The Order of the Good Death has put together a list of resources and contacts for people navigating these laws, and an article detailing how the Death Positive Movement can counteract anti-choice efforts. The Order has also provided grant funding to A Sacred Passing to develop a program to increase the access to education for people wanting to learn how to support and care someone through abortion and pregnancy loss. We continue to monitor legislation and push out calls to action when appropriate.

What You Can Do

As states continue to pass restrictive fetal tissue burial laws it is important to make your voice heard about how this places an undue burden on both providers and pregnant people. One easy way to reach out to your legislators is through Resist.bot. Simply text ‘Resist’ to 50409 and this service will turn your text messages into a letter to either fax or email directly to your chosen representatives.

Status

In May 2023 the the U.S. Supreme Court declined to take up a lawsuit challenging Indiana’s fetal burial laws.

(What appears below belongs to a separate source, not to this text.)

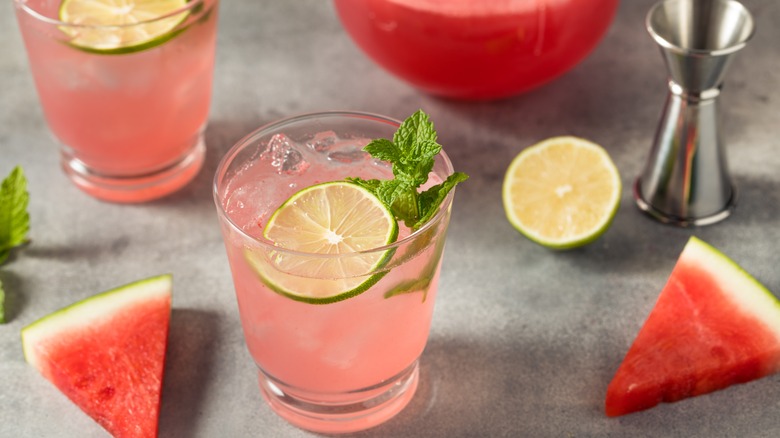 glasses of watermelon agua fresca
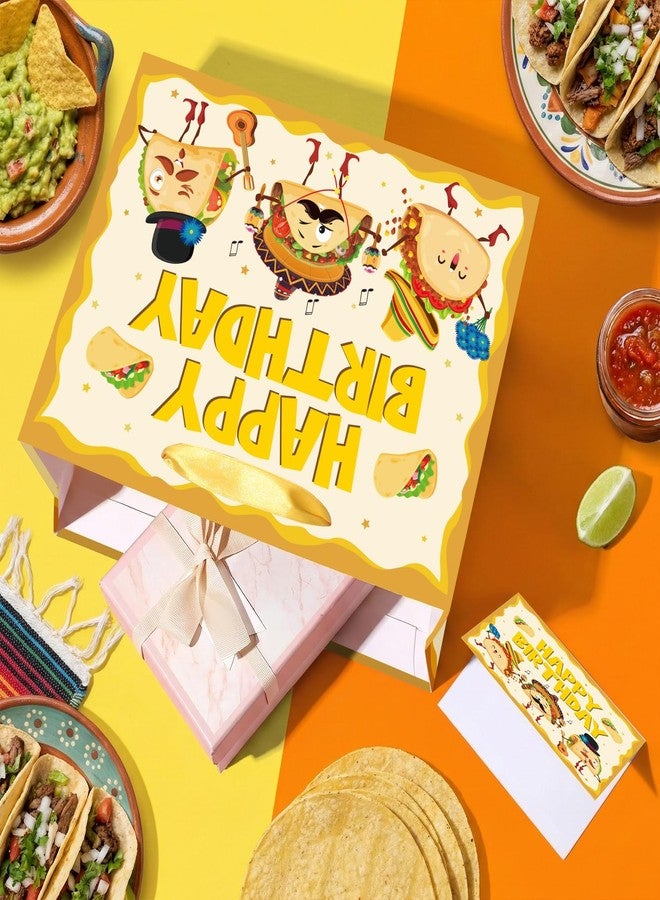 Woosytoo حقيبة هدايا عيد ميلاد بتصميم تاكو مرح، حقيبة هدايا لطيفة مزينة بورق تغليف هدايا بطابع مكسيكي، مع بطاقة وورق مناديل للأطفال والكبار، مناسبة لحفلات استقبال المولود الجديد، وأعياد الميلاد، واحتفالات سينكو دي مايو. - Image 5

African American Burial Ground Network Study

Background

Senate Bill 2827 of the 116th Congress was introduced as a way to study and find ways to identify, interpret, preserve, and record unmarked, previously abandoned, or otherwise underserved African American peoples’ burial grounds. To read the full text of this bill, click here. The bill was passed by the Senate on December 20, 2020 but was never passed by the House.

What We Are Doing

The Order of the Good Death was one of the official signers of this bill when it was introduced to the Senate by Senator Sherrod Brown (D-OH) and Senator Tim Scott (R-SC). In addition to this, The Order has continued to create videos and publish articles  centering on the history and preservation efforts of Black burial spaces.

What You Can Do

At the end of 2022 Senate Bill 2827 (116th) secured inclusion in the omnibus bill.

Status

President Biden is expected to sign the bill into law in 2023.


End of Life Option Act

Background

The California End of Life Option Act (ABX2-15) allows terminally ill Californians to request medication to peacefully end their lives and free them from suffering. Read the full act.

What We Are Doing

In 2015, in addition to founder Caitlin Doughty serving on the Southern California Advisory Council for bill sponsor Compassion & Choices, the Order of the Good Death successfully launched a social media and information campaign to help get this bill passed.

What You Can Do

To stay up to date on current legislative efforts around end of life rights check out Compassion & Choices.

Status

Medical Aid in Dying laws have passed in the following states as of 2023: Oregon, Washington, Montana, Vermont, Colorado, California, Washington D.C., Hawaii, New Jersey, Maine, New Mexico.